Sorry I can't really help you with the missing road, we came in from Astrakhan - but it certainly looks from that jpg that a road does exist there.
I can tell you that there is indeed a very rough section of road between Aktobe and Aralsk. We rode it, it was tough, but dry so passable. The road itself is pretty bad but lorries and trucks have created tracks along either side of the 'road' so you can usually find a way to ride through.
To answer your Pamir Highway Q's:
My riding buddy didn't suffer from altittude sickness at all but I did. Not much, just shortness of breath and a mild headache. We looked into drugs beforehand but it was pretty low down on our list of priorities and we never got round to buying any. I suppose that if you are riding alone it is much more of an issue so I'd research AS on the web and follow the good advice available.
No rejetting was done. My BM has fuel injection and the other bike is an Africa Twin with carbs. By the time we got to the Pamir Highway we were both running on 80RON fuel anyway and neither bike suffered much from the altittude. Power was affected a little but we rode slow and steady over this section anyway and didn't find it a problem.

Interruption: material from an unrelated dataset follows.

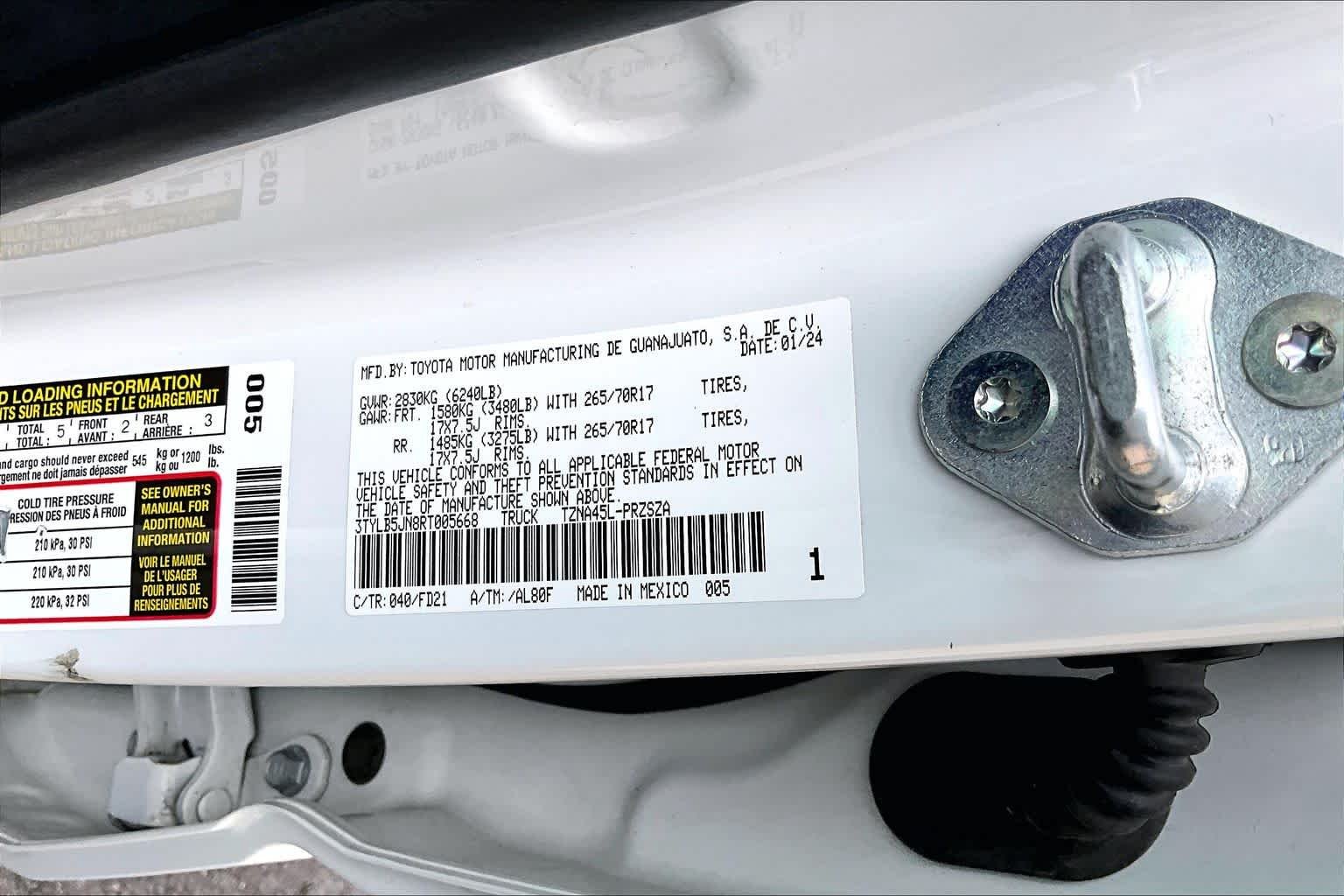 Used 2024 Ice Cap Toyota TRD Off Road image 34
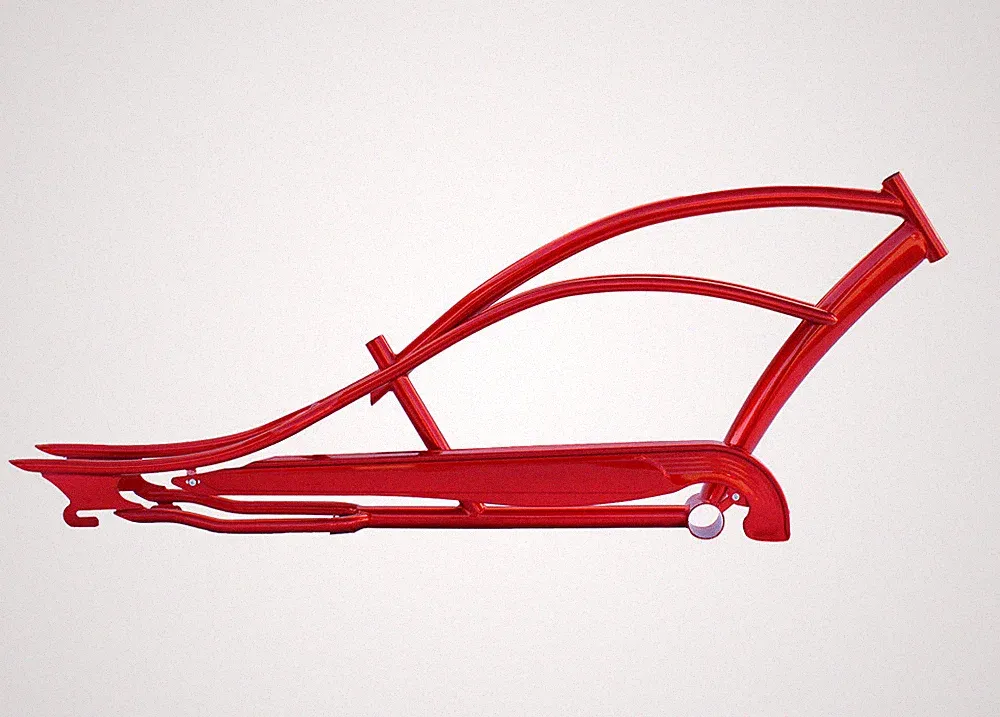 Bicycle Frame 26" inch Mustang Cruiser Bike Frame with Chain Guard Micargi Frame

We camped along the highway for a few nights - mostly because it's a wonderful place to camp but also because finding accomodation en-route is difficult. There are homestays available - an organisation called MSDP runs a grass-roots network of places - we used one in Kala i Hussein which was a special experience for us, and there are others in Murghab, Khorog etc. Another night we pulled up in a tiny village and asked in a Kafe about sleeping, the owner put us up in a back room with food for very little money. When wild-camping the usual rules apply, get your bike off the road, but don't go wandering too far and beware of landmines particularly near the Afghan border and remember that it can get very cold at night - but basically we had no problems and loved it!
We did have stomach issues - ranging from the usual diorhea (SP?) often brought on by Russian
! to one episode each of proper food poisoning. The normal travellers' belly we just delt with and ignored but the food poisoning wasn't much fun. My colleague was laid up for 2 days with it in a horrible soviet hotel in Dushanbe - it was a shame that it was the same 2 days when a water pipe had burst and there was no running water in Dushanbe! We got a selection of anti-biotics from our doctors before we left and these really helped.
The actual Pamir Highway itself is in pretty good condition and is a wonderful ride - scenically spectacular, remote; everything you've read about basically. There are rough sections from about Sary Tash in Kyrgyz to Murghab and again from Khorog to Dushanbe (which offically isn't part of the PH) where some mountain sections were literally sliding down the mountain as we rode over them! But all in all it's a wonderful place to travel.
I'm happy to answer any other questions if you have them and if I can.